YOUR INSTRUCTIONS =
Pictures are to be left out, and only the lines below starting at the one with "22 Pc Mixed" and ending at the one with "for MacBook Pro 16 inch Case" are to be reproduced, each exactly, both ends included.

:: MATERIAL FOR THIS EXERCISE ::

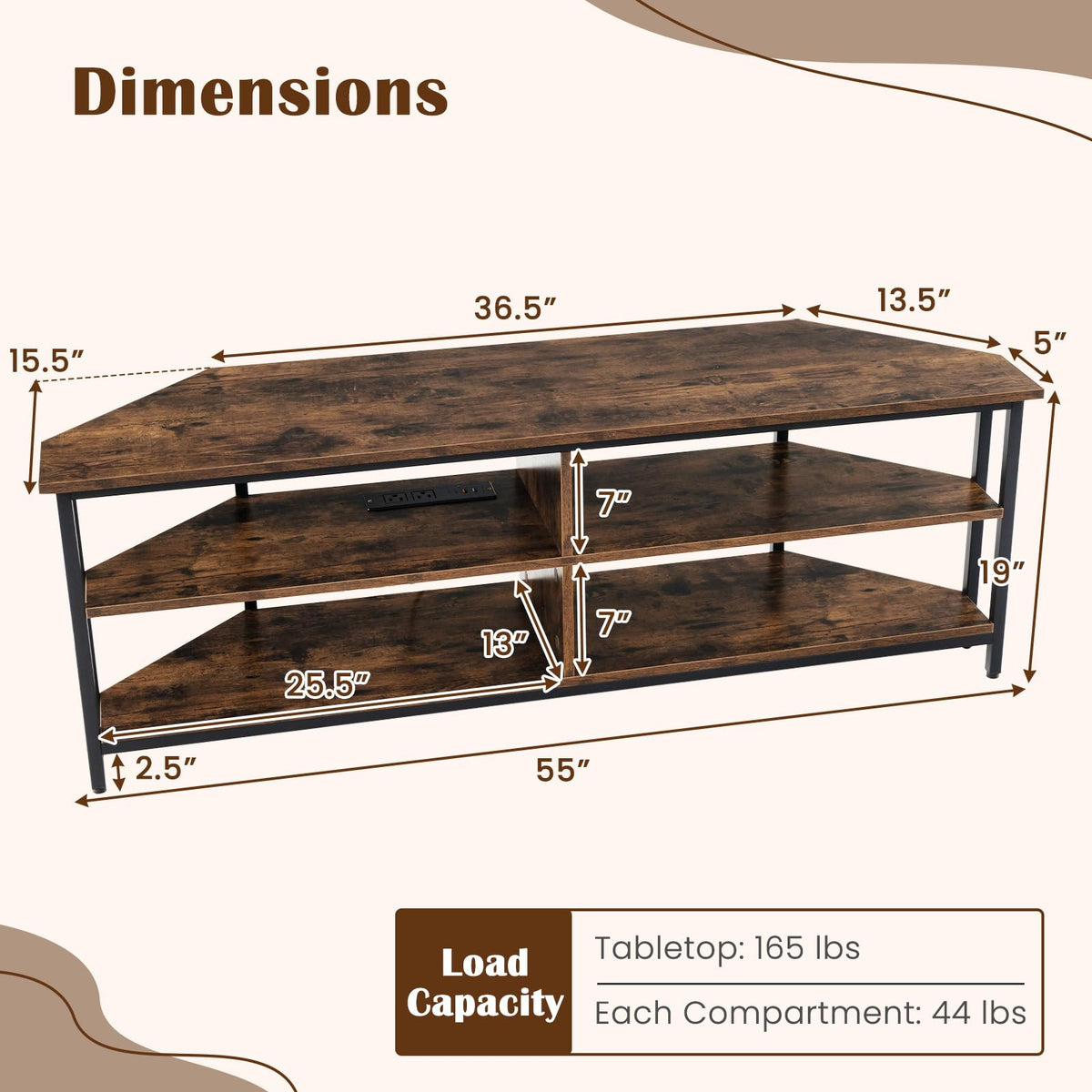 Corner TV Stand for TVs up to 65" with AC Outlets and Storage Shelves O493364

:::
:: MATERIAL FOR THIS EXERCISE ::

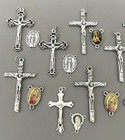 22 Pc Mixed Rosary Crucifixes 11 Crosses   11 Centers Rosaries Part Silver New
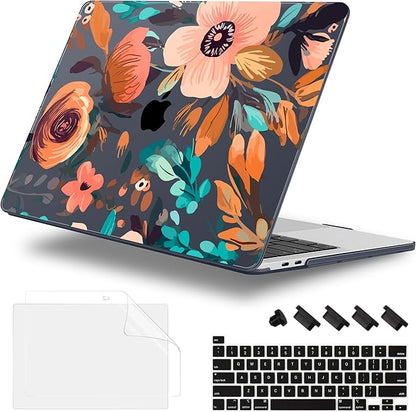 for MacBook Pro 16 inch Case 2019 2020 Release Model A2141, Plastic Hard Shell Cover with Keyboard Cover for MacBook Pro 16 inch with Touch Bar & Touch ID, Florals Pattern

:::

OUTPUT OF THE EXERCISE =
 22 Pc Mixed Rosary Crucifixes 11 Crosses   11 Centers Rosaries Part Silver New
 for MacBook Pro 16 inch Case 2019 2020 Release Model A2141, Plastic Hard Shell Cover with Keyboard Cover for MacBook Pro 16 inch with Touch Bar & Touch ID, Florals Pattern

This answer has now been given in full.